I'm an Irish citizen (albeit one living in Berlin), who has read the Irish Referendum Commission's free, impartial, 16 page guide to the Lisbon Treaty. I've even tried to read a bit of the treaty itself (dear God). Did you know the first words are - in wonderfully shouty capital letters -

"PREAMBLE

HIS MAJESTY THE KING OF THE BELGIANS..."


A promising, even rousing, start, but it's all downhill from there. Reading the 294 pages of the treaty tells you absolutely nothing, unless you also happen to be holding your old copy of the Treaty on European Union in your other hand.

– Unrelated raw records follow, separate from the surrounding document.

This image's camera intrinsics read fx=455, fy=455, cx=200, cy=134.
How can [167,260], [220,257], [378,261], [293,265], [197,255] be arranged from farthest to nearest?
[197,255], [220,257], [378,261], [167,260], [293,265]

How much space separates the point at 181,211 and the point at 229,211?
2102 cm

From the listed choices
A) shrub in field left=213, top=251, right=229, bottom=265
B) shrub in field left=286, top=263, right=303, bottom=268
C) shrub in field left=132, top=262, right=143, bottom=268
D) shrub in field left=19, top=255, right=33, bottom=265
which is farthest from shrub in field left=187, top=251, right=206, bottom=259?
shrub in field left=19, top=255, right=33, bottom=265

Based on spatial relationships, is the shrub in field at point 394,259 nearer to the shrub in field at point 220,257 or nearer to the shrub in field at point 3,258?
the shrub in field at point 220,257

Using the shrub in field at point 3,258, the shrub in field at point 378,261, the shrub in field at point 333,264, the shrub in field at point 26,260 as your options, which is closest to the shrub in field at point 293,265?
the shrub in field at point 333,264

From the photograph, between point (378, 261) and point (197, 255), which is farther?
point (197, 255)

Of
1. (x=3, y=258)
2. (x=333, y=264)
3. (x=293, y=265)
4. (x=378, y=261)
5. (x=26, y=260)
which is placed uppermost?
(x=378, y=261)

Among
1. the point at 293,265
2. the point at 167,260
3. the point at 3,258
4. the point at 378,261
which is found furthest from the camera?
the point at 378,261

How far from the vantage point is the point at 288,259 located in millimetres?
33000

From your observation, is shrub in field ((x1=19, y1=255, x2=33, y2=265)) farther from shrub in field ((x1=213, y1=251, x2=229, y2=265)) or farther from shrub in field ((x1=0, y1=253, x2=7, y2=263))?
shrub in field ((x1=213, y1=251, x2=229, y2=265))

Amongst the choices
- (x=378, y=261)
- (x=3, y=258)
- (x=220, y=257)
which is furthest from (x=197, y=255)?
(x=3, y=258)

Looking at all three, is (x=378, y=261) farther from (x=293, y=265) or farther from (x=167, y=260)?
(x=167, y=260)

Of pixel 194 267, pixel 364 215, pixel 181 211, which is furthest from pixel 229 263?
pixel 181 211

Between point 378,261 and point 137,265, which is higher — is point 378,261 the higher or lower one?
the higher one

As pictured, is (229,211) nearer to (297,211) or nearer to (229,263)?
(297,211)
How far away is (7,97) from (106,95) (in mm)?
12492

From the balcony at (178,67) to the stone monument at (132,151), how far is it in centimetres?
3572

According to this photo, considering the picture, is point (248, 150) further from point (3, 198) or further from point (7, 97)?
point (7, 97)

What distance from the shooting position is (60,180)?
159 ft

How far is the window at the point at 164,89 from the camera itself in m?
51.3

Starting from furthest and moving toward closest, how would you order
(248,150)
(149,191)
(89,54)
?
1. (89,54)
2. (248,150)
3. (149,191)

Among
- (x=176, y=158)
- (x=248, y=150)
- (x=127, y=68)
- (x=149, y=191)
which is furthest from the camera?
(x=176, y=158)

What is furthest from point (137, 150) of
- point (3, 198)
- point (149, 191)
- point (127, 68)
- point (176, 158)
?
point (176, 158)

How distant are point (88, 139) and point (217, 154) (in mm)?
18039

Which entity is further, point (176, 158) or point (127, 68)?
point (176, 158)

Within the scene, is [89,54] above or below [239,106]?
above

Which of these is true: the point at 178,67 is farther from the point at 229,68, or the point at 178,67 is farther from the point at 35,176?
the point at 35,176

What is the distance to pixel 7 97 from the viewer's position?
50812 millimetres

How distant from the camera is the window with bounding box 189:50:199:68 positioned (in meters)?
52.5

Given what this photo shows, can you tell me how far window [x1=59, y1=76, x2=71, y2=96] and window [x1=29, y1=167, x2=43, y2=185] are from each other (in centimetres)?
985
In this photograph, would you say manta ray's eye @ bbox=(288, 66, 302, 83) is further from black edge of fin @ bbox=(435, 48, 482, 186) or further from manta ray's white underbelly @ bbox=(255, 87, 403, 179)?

While sitting on your well-worn copy of the Treaty Establishing the European Community.

Typical random chunk of the Treaty of Lisbon (I think it's article 9(b):

"At the end of the first sentence of the first subparagraph of paragraph 1, the words "and address appropriate recommendations to that State" shall be deleted; at the end of the last sentence, the words "and, acting in accordance with the same procedure, may call on independent persons to submit within a reasonable time limit a report on the situation in the Member State in question" shall be replaced by "and may address recommendations to it, acting in accordance with the same procedure."


Eh? EH? Vote for what again? And there's 294 pages of this stuff.

So we had no idea what we were voting for, and the  commentators in the papers (who definitely haven't read it), have no idea what they are commenting on. Given that huge teams of negotiators and translators worked on this in sections, there is absolutely nobody on earth who knows what's in it. It could all be a complicated joke - after all, the first letter of each paragraph in the Maltese translation spells "Sarkozy's bum smells." Though perhaps that's a coincidence.

My feeling, for what it's worth, is that they should have put in a paragraph promising us all an icecream if we voted yes. At least that would have been something concrete that we could have visualised. It would have stood out a mile, for its clarity and lack of ambiguity, in the Irish Referendum Commission's summary of the Treaty. And given that the weather was fairly good on the day of the vote, it might well have swung the referendum.